NEOLİBERAL DÜZENİN İFLASI

Çalışmada küresel ekonomi politik düzendeki değişim de ele alınmış. Söz konusu bölümde, 2008 krizi, pandemi ve Ukrayna savaşının neoliberal düzenin zaaflarını ortaya koyduğu belirtilerek, “Piyasaların aslında varsayıldığı gibi etkin çalışmadığı, bölüşüm sorunlarının demokrasileri zaafa uğrattığı, Çin ve Rusya gibi otoriter devletçi ülkelerin küresel sisteme ciddi bir tehdit oluşturabildiği” kaydedildi ve bu gelişmelerin “neoliberal düzenden çıkışı zorunlu kıldığı” ifade edildi. Bu anlamda çalışmadaki politikalar belirlenirken geçen 20 yılın referanslarına temkinle yaklaşıldığı not edildi ve önümüzdeki 20 yılın ekonomi politikalarının; neoliberal modelin katı piyasa mantığının değişeceği, küresel sermaye akımlarının ve dış ticaret akımlarının küresel üretimden daha hızlı büyüdüğü bir ortamın olmayacağı yeşil ekonomi düzenlemelerinin üretim ve dış ticareti şekillendireceği ve yerelleşmenin önem kazanacağı dijital dönüşümün tüm alanları değiştirip dönüştüreceği” kabulü üzerine tasarlandığı vurgulandı.

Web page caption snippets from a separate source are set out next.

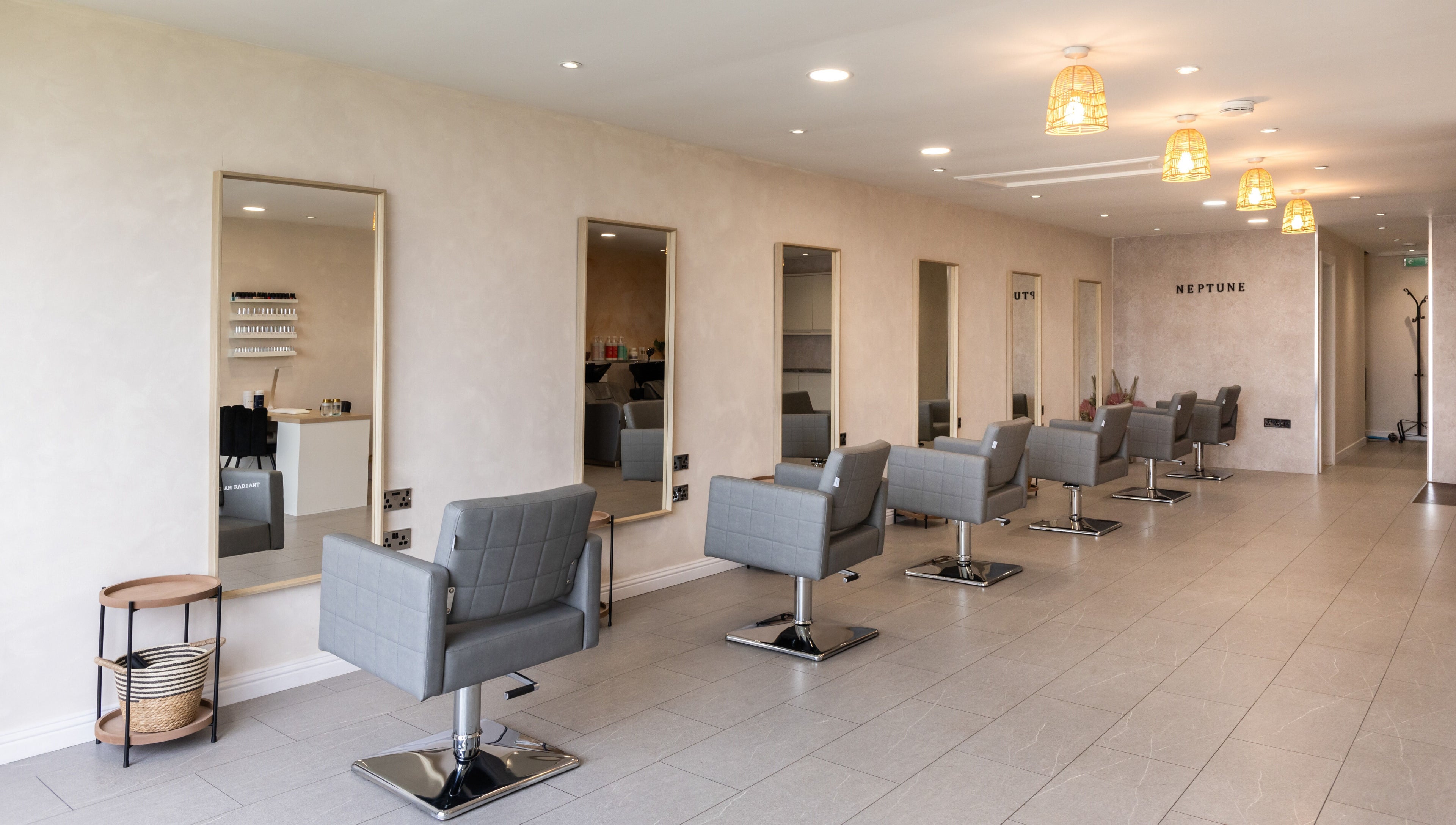 Stylish salon interior at Neptune, Livingston, Scotland, GB with grey chairs and modern decor.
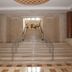 Nour Palace Resort And Thalasso in Mahdia: grand marble staircase with central mural and handrails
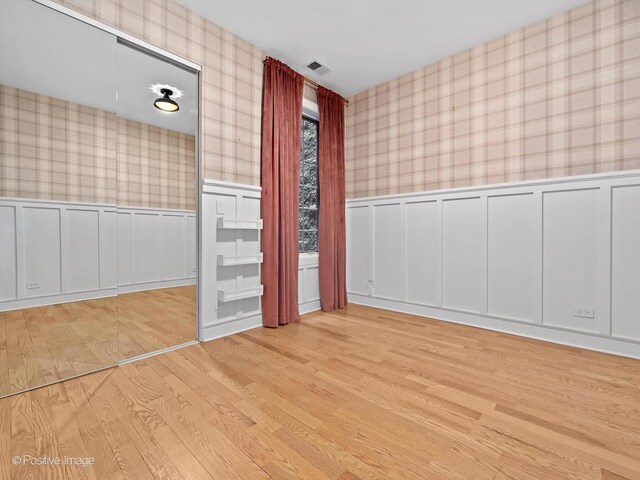 spare room with wallpapered walls, a decorative wall, wood finished floors, and a wainscoted wall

Çalışmada değişen küresel düzene işaret edilse de çok kutuplu ve geçişken ittifaklar halinde şekillenen jeopolitik düzenin getireceği iktisadi ortama ilişkin yeterince tespit yer almamış. “Türkiye Atlantik ve Asya güçleri arasındaki büyük meydan okumada nasıl bir rol oynayacak?” bu sorunun cevabı Batı kampında bir fasoncu çevre ekonomisi olmaktan öteye gidememiş ülkemizin yeni yüzyılda iktisadi anlamda kaderini de belirleyecek.

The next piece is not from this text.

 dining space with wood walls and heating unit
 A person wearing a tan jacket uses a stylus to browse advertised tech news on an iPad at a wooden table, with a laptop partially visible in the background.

Sohbet toplantısının ardından bu görüşlerimizi de Vakıf yöneticilerine aktardık. Ayrıca ÜPV'nin bu çalışmasında yaptığı gibi siyasi partilerin de Türkiye'nin dinamiklerini anlamaktan ve bilmekten uzak Amerikalı iktisatçılara danışmak yerine Türkiye'nin iktisadi birikimine güvenmelerini salık verdik.